Besides being thus garrulous and open, he was the most helpful man I
ever met, acting as a nurse to the three or four restless children in
the car, and even producing from his bag a pair of scissors and a bottle
of gum with which to make dolls' paper clothes. Never in my life have I
called a stranger "Ed" on such short acquaintance; never have I been
called "Poppa" so often by the peevish progeny of others.

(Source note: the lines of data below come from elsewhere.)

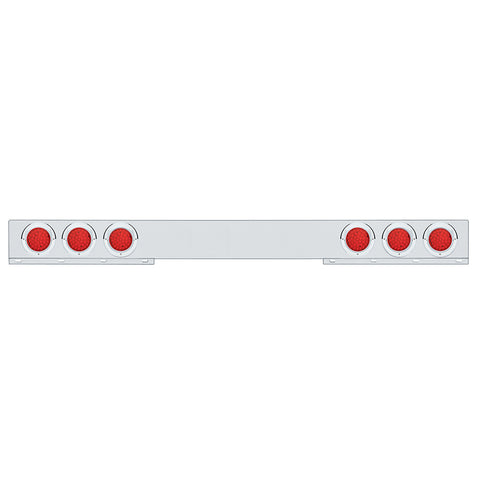 Stainless 1 Piece Rear Light Bar With 6X 36 LED 4" Lights & Visors - Red LED/Red Lens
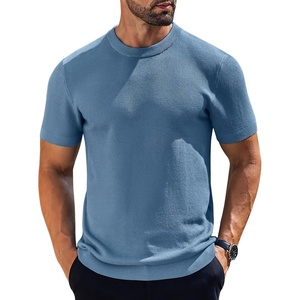 image:imageCOOFANDY Mens Knit TShirts Short Sleeve Crewneck Shirt Casual Textured Pullover TeesGray Blue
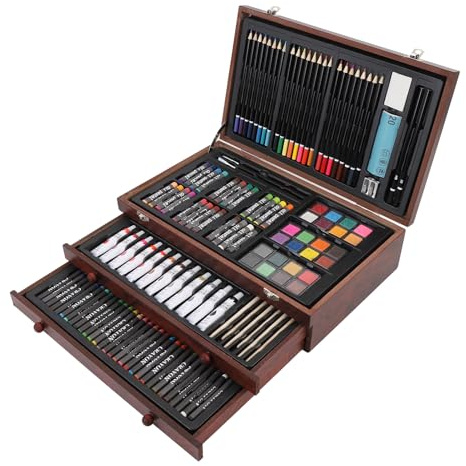 Generic 158-teiliges Deluxe-Kunstset, Holzkiste, Mal- und Zeichenset mit 2 Skizzenbüchern, 24 Farben, Ölpastellen, Buntstiften, Buntstiften, Pinseln für, Teenager, Erwachsene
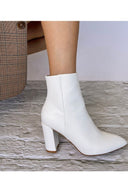 Caterina Block Heel Ankle Boots - White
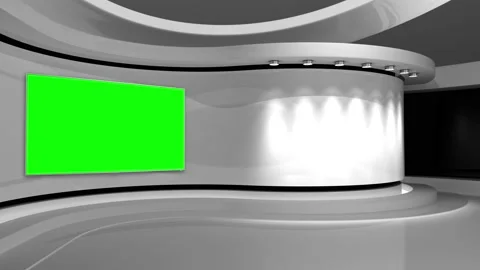 Virtual studio. Tv studio. News room. White studio. Green screen Vídeos de archivo 152128565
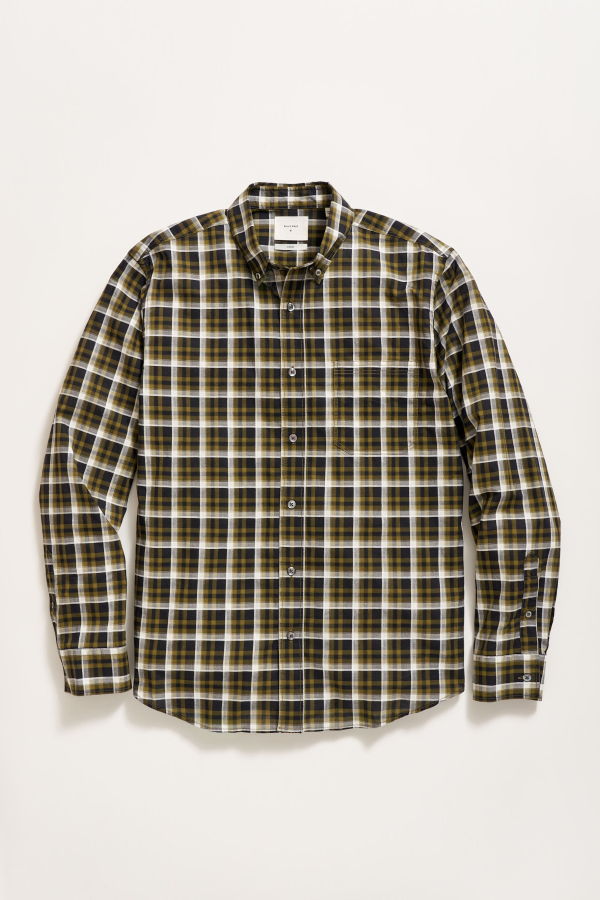 Billy Reid Textural Grid Plaid Tuscumbia Button-Down Shirt - Olive/Multi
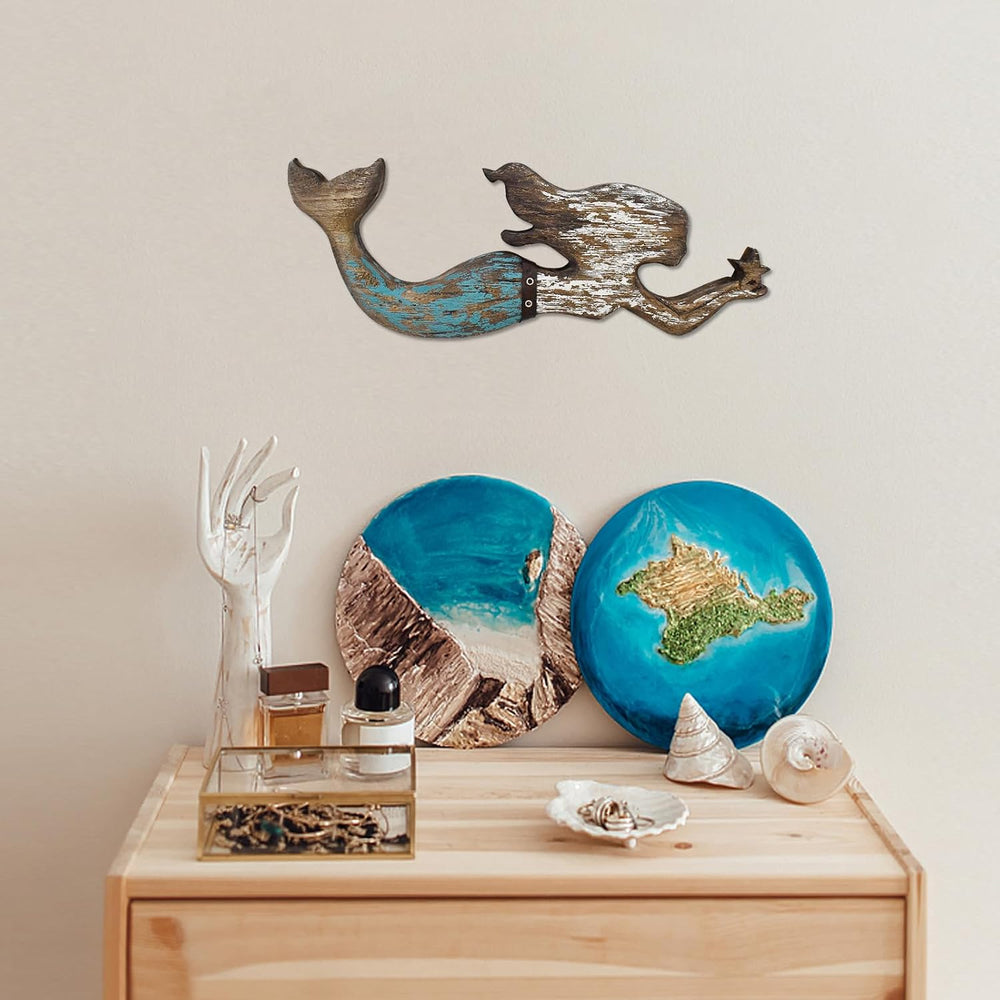 Wooden Mermaid Beach Wall Decor Hanging Plaque Sign Nautical Ocean Themed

It was on this train that I began to realise how much thirstier the
Americans are than we. The passengers were continually filling and
emptying the little cups that are stacked beside the fountains in the
corridors, and long before we reached Chicago the cups had all been
used. In England only children drink water at odd times and they not to
excess. But in America every one drinks water, and the water is there
for drinking, pure and cold and plentiful. It is beside the bed, in the
corners of offices, awaiting you at meals, jingling down the passages of
hotels, bubbling in the streets. In English restaurants, water bottles
are rarely supplied until asked for; in our hotel bedrooms they seldom
bear lifting to the light. As to whether the general health of the
Americans is superior or inferior to ours by reason of this water-
drinking custom, I have no information; but figures would be
interesting.
CHICAGO
In Chicago the weather was wet and cold, and it was not until after I
had left that I learned of the presence there of certain literary
collections which I may now perhaps never see.